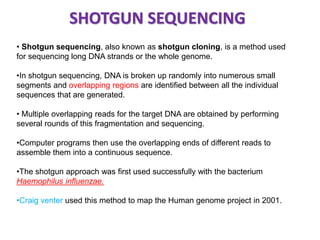 SHOTGUN SEQUENCING 
• Shotgun sequencing, also known as shotgun cloning, is a method used 
for sequencing long DNA strands or the whole genome. 
•In shotgun sequencing, DNA is broken up randomly into numerous small 
segments and overlapping regions are identified between all the individual 
sequences that are generated. 
• Multiple overlapping reads for the target DNA are obtained by performing 
several rounds of this fragmentation and sequencing. 
•Computer programs then use the overlapping ends of different reads to 
assemble them into a continuous sequence. 
•The shotgun approach was first used successfully with the bacterium 
Haemophilus influenzae. 
•Craig venter used this method to map the Human genome project in 2001. 
 
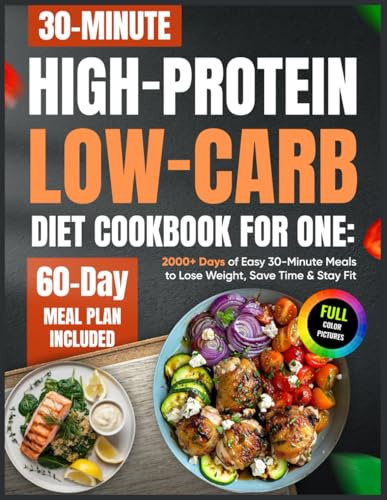 High-Protein Low-Carb Diet Cookbook for One: 2000+ Days of Easy 30-Minute Meals to Lose Weight, Save Time & Stay Fit | 60-Day Meal Plan Included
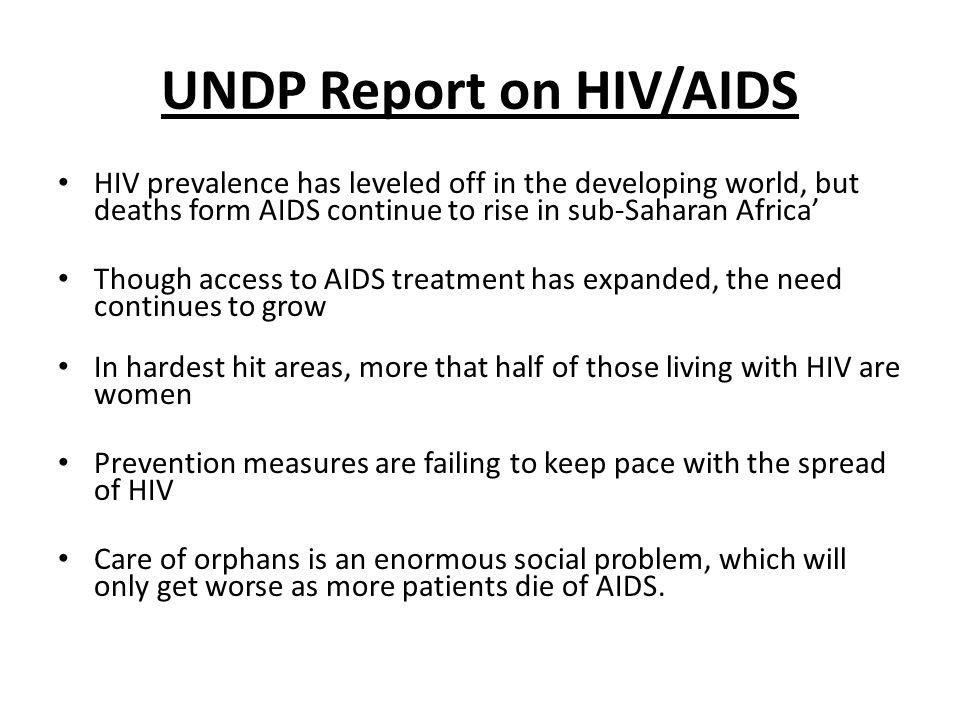 UNDP Report on HIV/AIDS HIV prevalence has leveled off in the developing world, but deaths form AIDS continue to rise in sub-Saharan Africa Though access to AIDS treatment has expanded, the need continues to grow In hardest hit areas, more that half of those living with HIV are women Prevention measures are failing to keep pace with the spread of HIV Care of orphans is an enormous social problem, which will only get worse as more patients die of AIDS.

####

Task directions » Give back the material above exactly as written, but omit the images.

Answer to this task »
 SHOTGUN SEQUENCING 
• Shotgun sequencing, also known as shotgun cloning, is a method used 
for sequencing long DNA strands or the whole genome. 
•In shotgun sequencing, DNA is broken up randomly into numerous small 
segments and overlapping regions are identified between all the individual 
sequences that are generated. 
• Multiple overlapping reads for the target DNA are obtained by performing 
several rounds of this fragmentation and sequencing. 
•Computer programs then use the overlapping ends of different reads to 
assemble them into a continuous sequence. 
•The shotgun approach was first used successfully with the bacterium 
Haemophilus influenzae. 
•Craig venter used this method to map the Human genome project in 2001. 
 
 High-Protein Low-Carb Diet Cookbook for One: 2000+ Days of Easy 30-Minute Meals to Lose Weight, Save Time & Stay Fit | 60-Day Meal Plan Included
 UNDP Report on HIV/AIDS HIV prevalence has leveled off in the developing world, but deaths form AIDS continue to rise in sub-Saharan Africa Though access to AIDS treatment has expanded, the need continues to grow In hardest hit areas, more that half of those living with HIV are women Prevention measures are failing to keep pace with the spread of HIV Care of orphans is an enormous social problem, which will only get worse as more patients die of AIDS.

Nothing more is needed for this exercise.